Data segment:

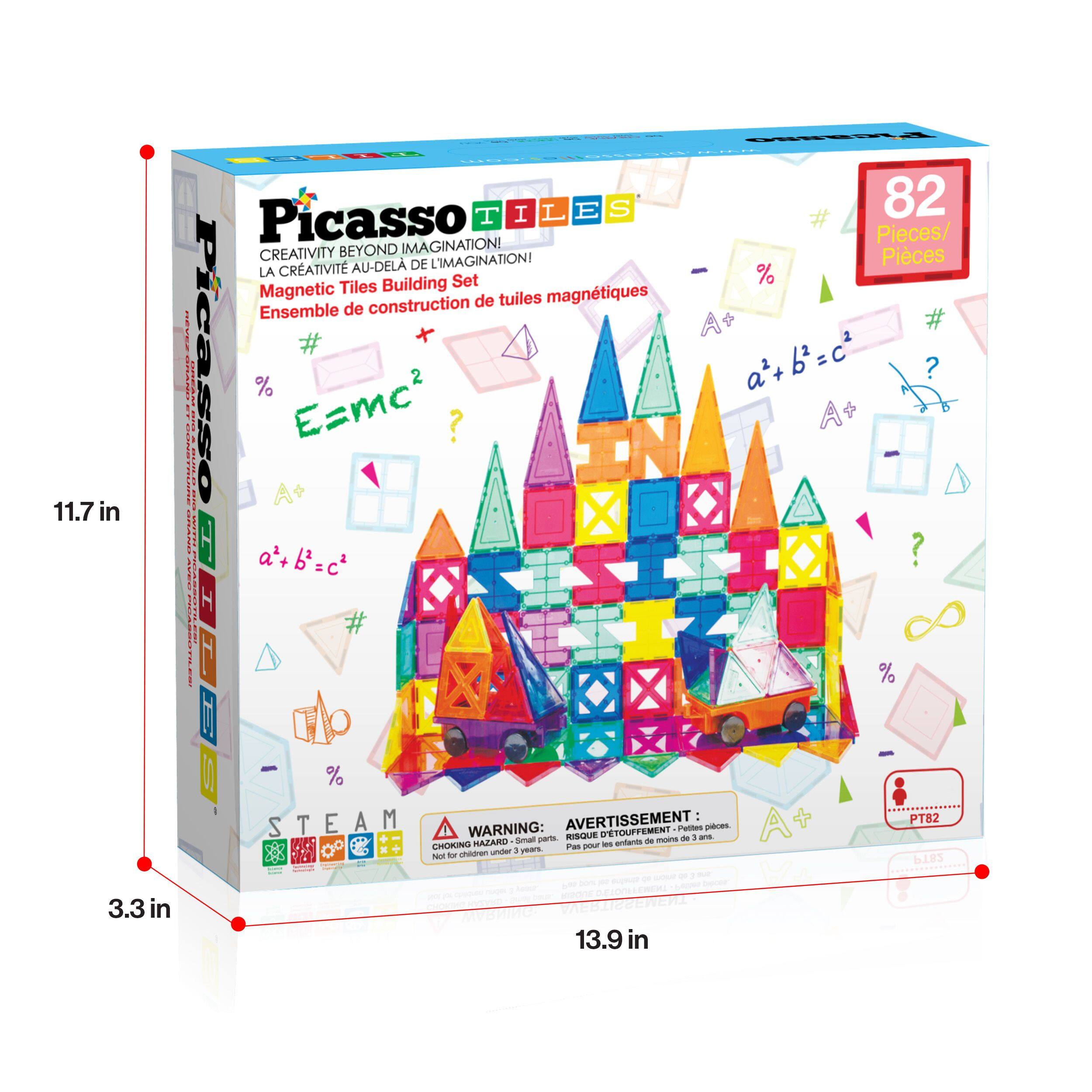11.7 in
WEEA Picasso T I L E S CREATIVITY BEYOND IMAGINATION! CRATIVIT AU-DEL DE L'IMAGINATION! LA Tiles Building Set Magnetic de tuiles magntiques Ensemble de construction HEE # | | Ficasso % A+ E=mc ? | a'+b=c2  | H # CE 82 # Pieces/ Pices % A+ a+b=c2 ? A+ ? % 3.3 in I % STEAM A WARNING: AVERTISSEMENT: - Dnse SUDER D'ETOUFFEMENT a - - r - CHOKING RAZARO a - - antares tor mhadren - 1  - . d d  13.9 in A PT82 103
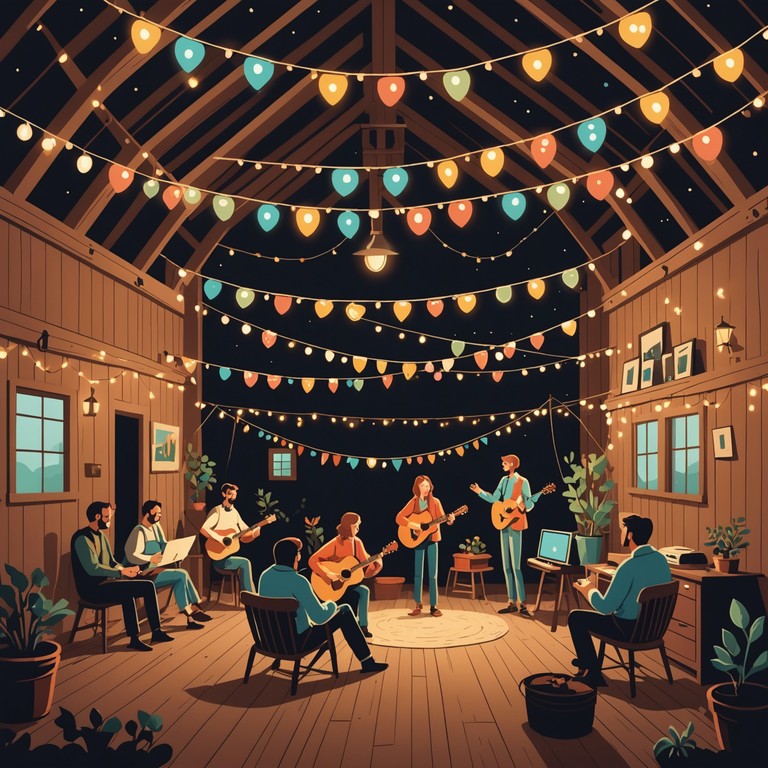 Imagine a festive scene under a starlit sky where everyone is dancing to the sounds of a masterful accordion player, creating a night to remember.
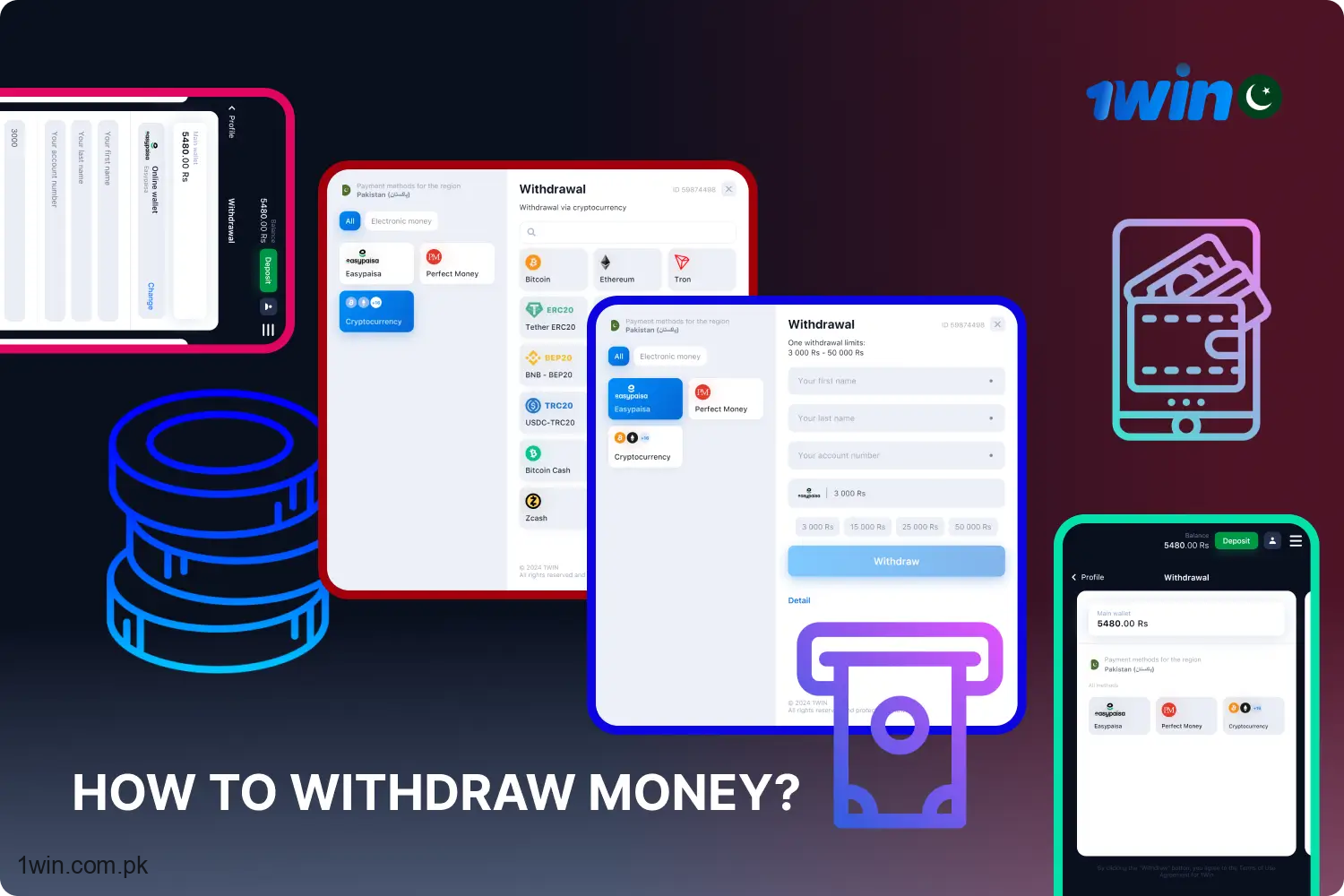 پاکستان میں 1win پلیٹ فارم کے صارفین کسی بھی دستیاب ادائیگی کے نظام کا استعمال کرتے ہوئے آسانی سے اور تیزی سے اپنی جیت واپس لے سکتے ہیں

Exercise brief:
Pictures stay out. Return exactly the lines from the one with "Imagine a festive" through the last line of the data.

Result for this task:
 Imagine a festive scene under a starlit sky where everyone is dancing to the sounds of a masterful accordion player, creating a night to remember.
 پاکستان میں 1win پلیٹ فارم کے صارفین کسی بھی دستیاب ادائیگی کے نظام کا استعمال کرتے ہوئے آسانی سے اور تیزی سے اپنی جیت واپس لے سکتے ہیں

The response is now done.